Opacus framework for Multilabel multiclass classification problem

sabeekakhan7 · October 21, 2022, 9:03pm

Hello,

I am stuck with something I was hoping to get some help with. I am trying to train a differentially private multilabel multiclass model on the NIH Chest X-Ray dataset using the Opacus framework. I have tried different settings for the hyperparameters, i.e., max_grad_norm and noise_multiplier, but my model consistently suffers from a considerable accuracy loss irrespective of the hyperparameter settings. As a sanity test, I set the noise_multiplier to 0 and max_grad_norm to high values within the range of 10 to 1000000. With these settings, the model should ideally behave like a regular non-differentially private model, but that’s not the case. The AUROC score I get with these settings is ~0.5, whereas when I train the model without the privacy_engine() wrapper, like a regular CNN model, the AUROC score is ~0.8.
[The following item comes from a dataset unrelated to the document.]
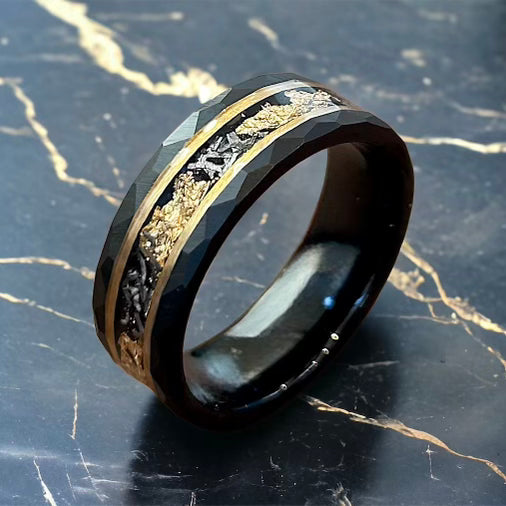 Precious Leaf & Crushed Meteorite Tungsten Ring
I am confused as to why there’s a huge accuracy drop when I set the settings of the differentially private model in a way that the model is not really differentially private ( e.g. noise_multiplier = 0, max_grad_norm = 1000).

I’d greatly appreciate it if anyone who has worked on this could help me with it.

P.S. Here’s the link of the baseline code I am using. To create an instance of a differentially private model, I simply call the privacy_engine() wrapper, keeping everything else as it is.

github.com

zoogzog/chexnet/blob/master/ChexnetTrainer.py

import os
import numpy as np
import time
import sys

import torch
import torch.nn as nn
import torch.backends.cudnn as cudnn
import torchvision
import torchvision.transforms as transforms
import torch.optim as optim
import torch.nn.functional as tfunc
from torch.utils.data import DataLoader
from torch.optim.lr_scheduler import ReduceLROnPlateau
import torch.nn.functional as func

from sklearn.metrics.ranking import roc_auc_score

from DensenetModels import DenseNet121
from DensenetModels import DenseNet169

This file has been truncated. show original

ffuuugor · October 24, 2022, 11:52am

Hey

I can see that DenseNet* models use BatchNorm2d layers - which means opacus won’t be able to work with them directly.
Presumably, you’re calling ModuleValidator.fix(densenet121) before passing the module to the PrivacyEngine. What this does is it replaces BatchNorm with GroupNorm layers, which might by itself affect the performance - you can in fact check if that’s the case to confirm.
There’s not much one can do here - BatchNorm is not compatible with DP-SGD (see here for explanation). One thing you can try is using InstanceNorm as a replacement:

m = ModuleValidator.fix(densenet121, replace_bn_with_in=True)